DATA FOR ANALYSIS:
•••••

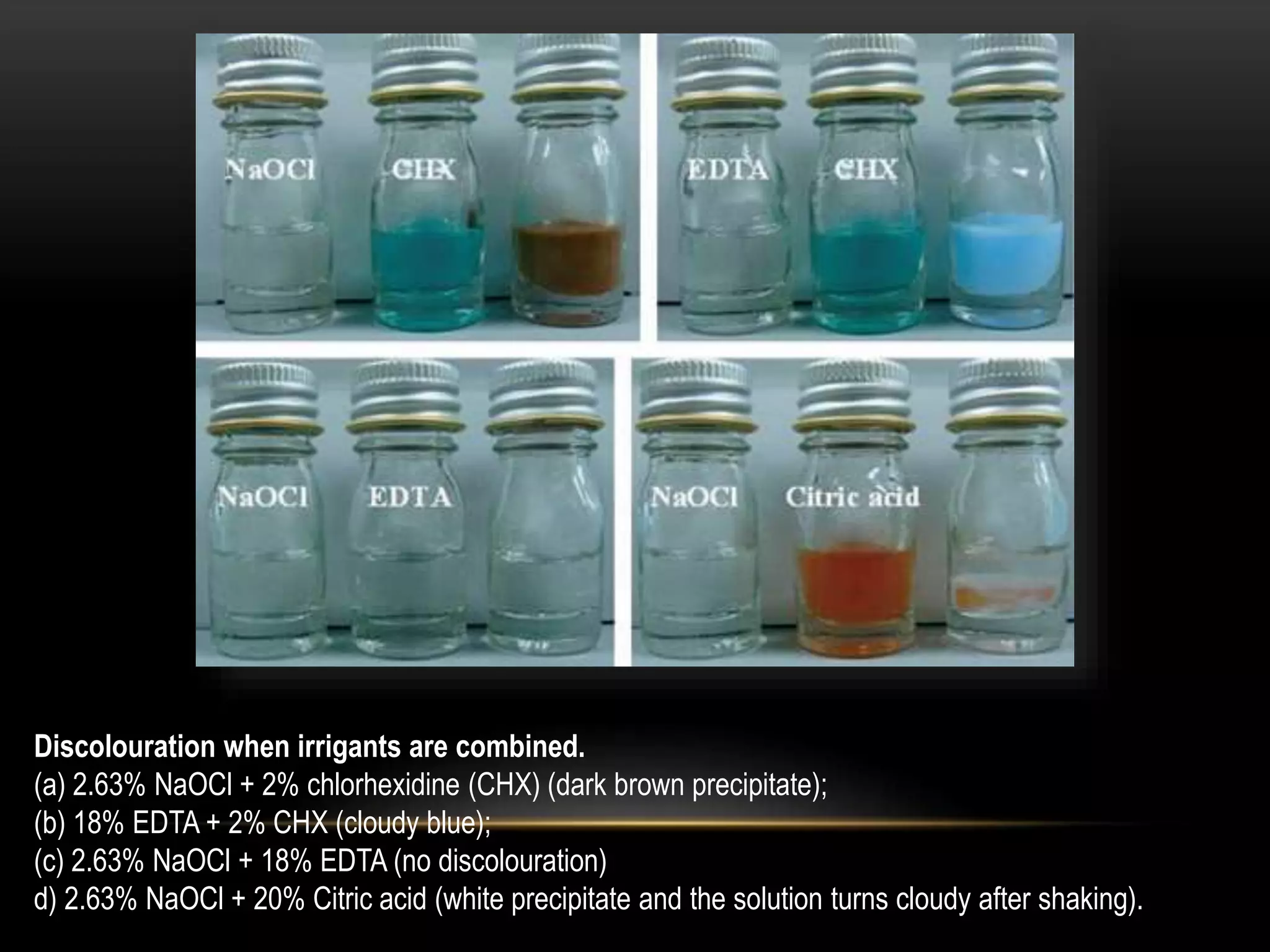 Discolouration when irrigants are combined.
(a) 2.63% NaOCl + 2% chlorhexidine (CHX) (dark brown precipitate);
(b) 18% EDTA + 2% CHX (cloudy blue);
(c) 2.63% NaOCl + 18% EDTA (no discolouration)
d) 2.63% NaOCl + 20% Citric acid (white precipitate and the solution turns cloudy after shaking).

•••••

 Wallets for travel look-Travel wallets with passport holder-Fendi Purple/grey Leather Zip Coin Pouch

•••••

WORK INSTRUCTION: In the listing above, find the line with "(b) 18% EDTA + 2% CHX (cloudy blue);" and the line with "d) 2.63% NaOCl", then reproduce both and every line between them exactly.

ANSWER FOR THIS EXERCISE:
(b) 18% EDTA + 2% CHX (cloudy blue);
(c) 2.63% NaOCl + 18% EDTA (no discolouration)
d) 2.63% NaOCl + 20% Citric acid (white precipitate and the solution turns cloudy after shaking).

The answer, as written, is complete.